Scraped caption text data

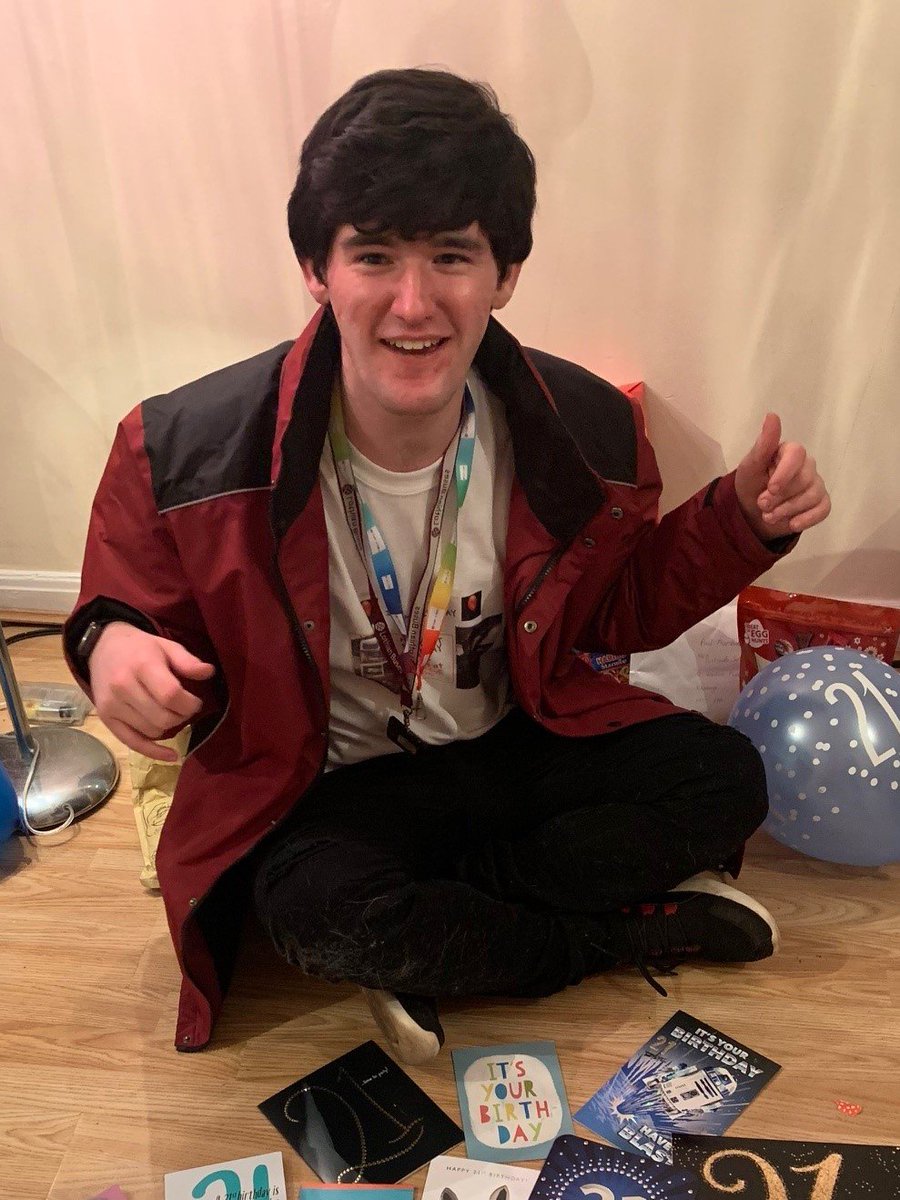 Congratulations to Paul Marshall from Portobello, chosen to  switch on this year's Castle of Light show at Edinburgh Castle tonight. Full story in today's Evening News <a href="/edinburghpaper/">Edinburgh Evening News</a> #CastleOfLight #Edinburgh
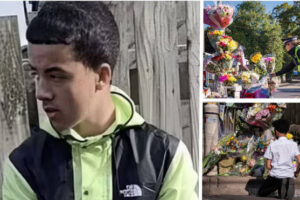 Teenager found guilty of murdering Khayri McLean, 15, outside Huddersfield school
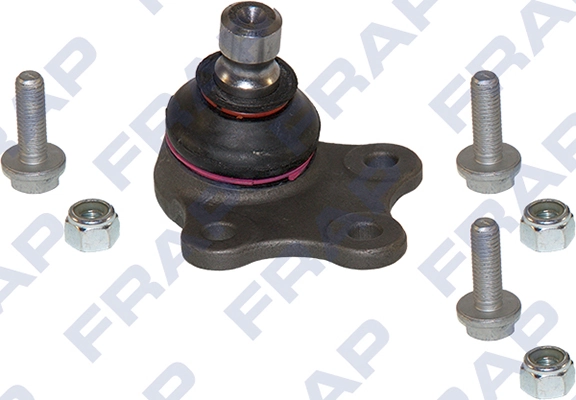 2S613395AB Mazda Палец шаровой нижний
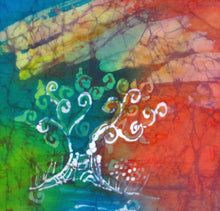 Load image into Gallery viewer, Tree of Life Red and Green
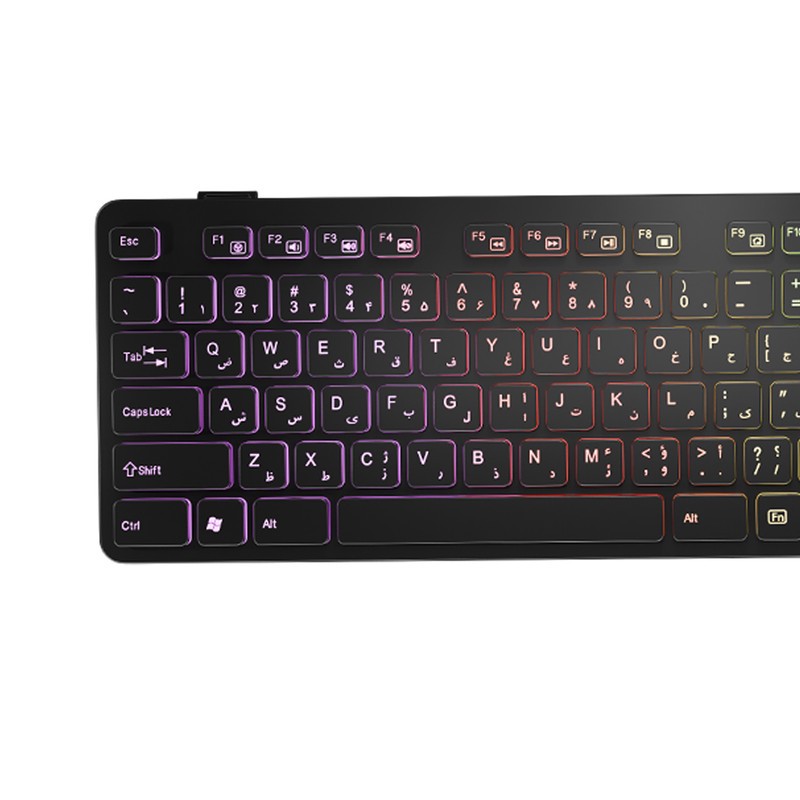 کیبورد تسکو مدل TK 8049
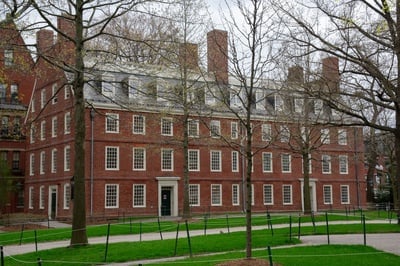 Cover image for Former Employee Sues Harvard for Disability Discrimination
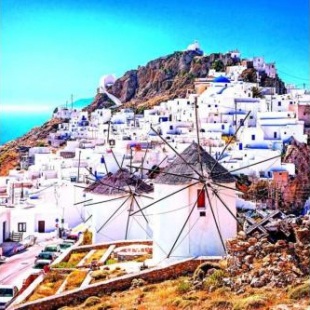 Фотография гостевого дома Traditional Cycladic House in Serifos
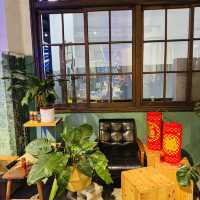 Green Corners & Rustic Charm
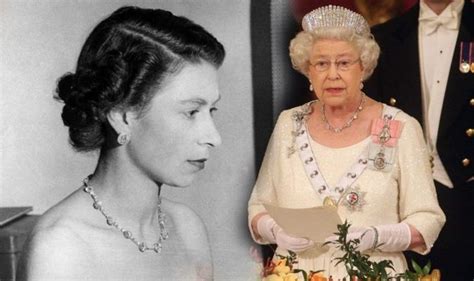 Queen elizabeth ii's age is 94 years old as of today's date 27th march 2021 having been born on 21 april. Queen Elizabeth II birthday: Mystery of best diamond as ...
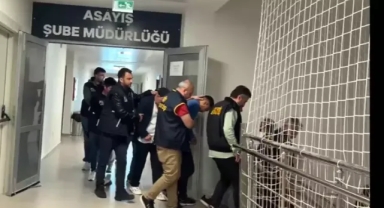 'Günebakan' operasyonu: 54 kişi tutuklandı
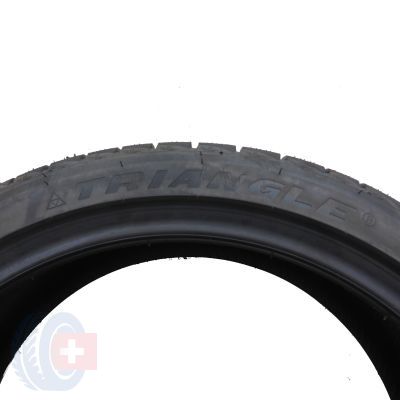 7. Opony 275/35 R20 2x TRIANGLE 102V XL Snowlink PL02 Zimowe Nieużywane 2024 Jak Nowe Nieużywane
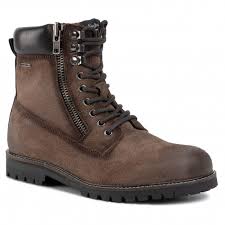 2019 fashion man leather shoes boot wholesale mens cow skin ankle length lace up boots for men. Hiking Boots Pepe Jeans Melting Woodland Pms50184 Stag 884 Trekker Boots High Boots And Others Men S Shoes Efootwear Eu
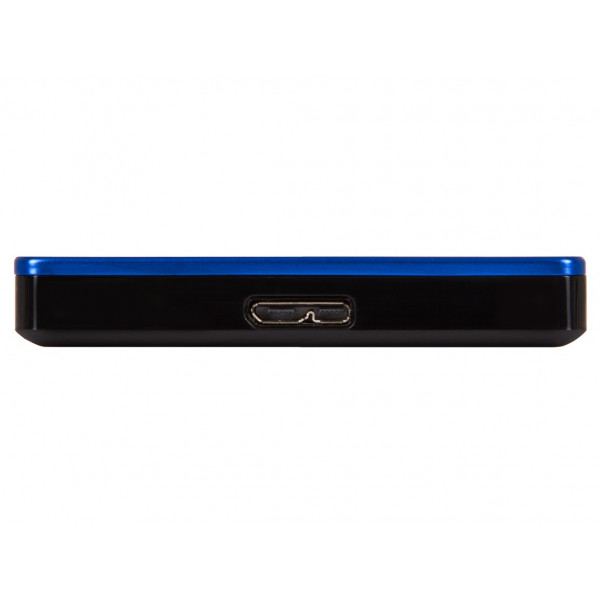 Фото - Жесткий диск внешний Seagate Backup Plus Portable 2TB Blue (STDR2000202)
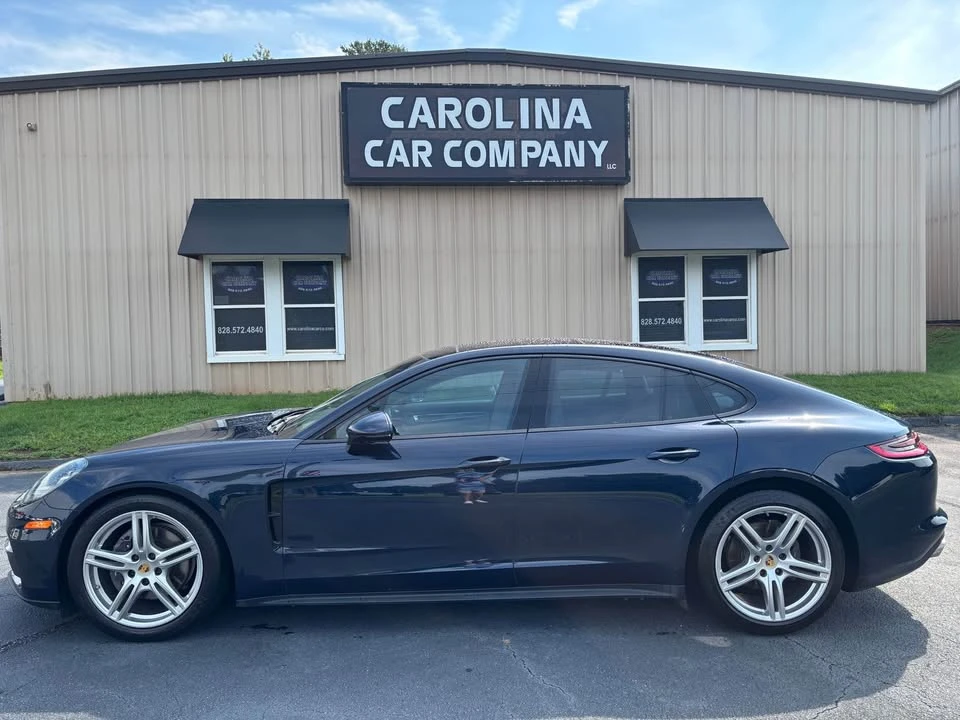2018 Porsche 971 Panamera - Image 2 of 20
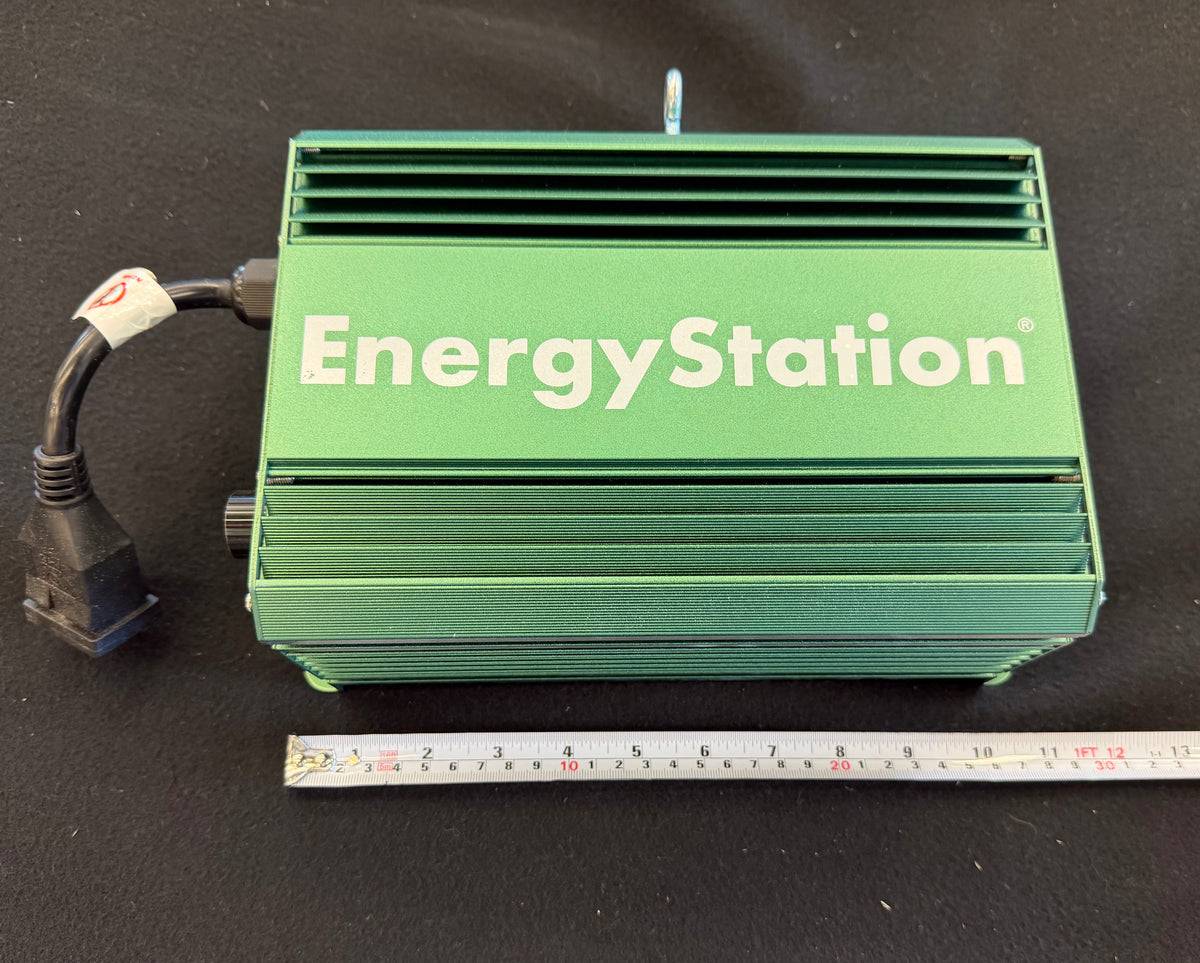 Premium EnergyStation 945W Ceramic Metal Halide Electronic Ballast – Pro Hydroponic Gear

__WHAT TO DO__: Leave out every picture, and write out exactly the lines from the one with "کیبورد تسکو مدل TK 8049" through the end of the records above, both ends included.

__SOLUTION TO THE PROBLEM__:
 کیبورد تسکو مدل TK 8049
 Cover image for Former Employee Sues Harvard for Disability Discrimination
 Фотография гостевого дома Traditional Cycladic House in Serifos
 Green Corners & Rustic Charm
 Queen elizabeth ii's age is 94 years old as of today's date 27th march 2021 having been born on 21 april. Queen Elizabeth II birthday: Mystery of best diamond as ...
 'Günebakan' operasyonu: 54 kişi tutuklandı
 7. Opony 275/35 R20 2x TRIANGLE 102V XL Snowlink PL02 Zimowe Nieużywane 2024 Jak Nowe Nieużywane
 2019 fashion man leather shoes boot wholesale mens cow skin ankle length lace up boots for men. Hiking Boots Pepe Jeans Melting Woodland Pms50184 Stag 884 Trekker Boots High Boots And Others Men S Shoes Efootwear Eu
 Фото - Жесткий диск внешний Seagate Backup Plus Portable 2TB Blue (STDR2000202)
2018 Porsche 971 Panamera - Image 2 of 20
 Premium EnergyStation 945W Ceramic Metal Halide Electronic Ballast – Pro Hydroponic Gear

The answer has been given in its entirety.